マルコフ過程の分布と路の漸近解体
【研究分野】数学一般(含確率論・統計数学)
【研究キーワード】
ランダムウォーク / 確率数値解析 / 無限粒子系 / グラフ上のラプラシアン / 調和写像 / スペクトル構造 / 重調和作用素 / operator代数 / グラフの上のラプラシアン / 碓率数値解析 / モンテカルロ解析 / 無縁Brown粒子系 / スペクトル / ラプラシアン
【研究成果の概要】
本課題研究において、志村はドリフトを持つ2次元ランダムウォークの象限からの脱出確率の漸近解析についてモンテカルロ法の手法を援用して調べた(課題1a)。また問題とrandom walk defined on a Markov chainとの関わりを検討した。

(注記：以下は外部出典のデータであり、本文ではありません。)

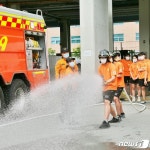 공주소방서, 공주정보고 대상 ‘미래소방관 체험교실’ 운영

西岡は重調和生成作用素とする重調和擬過程に対する「Itoの算法公式」と「Radon-Nikodym公式」を求め、さらにその応用として流体力学などに現れる重調和生成作用素を伴う準線形偏微分方程式の解について、その存在、漸近的性質および数値解析について取り組んだ(課題2a)。種村はhard core potentialをもつ無限Brown粒子系の法則の一意性とエルゴード性について、Dirichlet形式の理論を応用してより詳細に調べ上げた(課題1c)。小谷は無限グラフ上のランダムウォークの遷移確率の漸近挙動について、幾何学的手法を適用して調べた(課題1b)。小谷はポテンシャル場が作用する可積分系が定める曲面上の調和写像のスペクトル構造についても調べた(課題2b)。塚田は確率過程、あるいは無限粒子系に関する統計量の十分性のoperator代数的手法を適用して調べた(課題1c)。大口はファイナンスに現れるマルコフ連鎖の数値解析と準乱数の利用について調べた(課題1)。
今後の課題として、例えば次のものが考えられる。(課題1関係)遷移確率が空間的周期性のある、あるいはランダムに選ばれる一般化されたランダムウォークについて、諸量の分布の漸近解析を行う。(課題2a関係)重調和擬過程で可能となった確率的手法を、Kuramoto-Sivashinsky方程式やCahn-Hilliar方程式などの重調和作用素を含む非線形微分方程式へも応用する。
本課題を進めるため適宜研究打ち合わせを行った(志村、小谷、大口、塚田:10年6月-9月、11年1月;志村、西岡、種村:10年11月20日-23日、11年8月19日-22日、11年11月6日-9日、12年3月3日-5日)。本課題を推進するために近藤通朗(島根大学)、平野克博(大阪大学)、渡辺毅(岡山理科大)、本尾実(東京工業大学)、山田俊雄(立命館大学)、佐藤定夫(東京電機大学)の各氏を招き研究成果の交換を行った。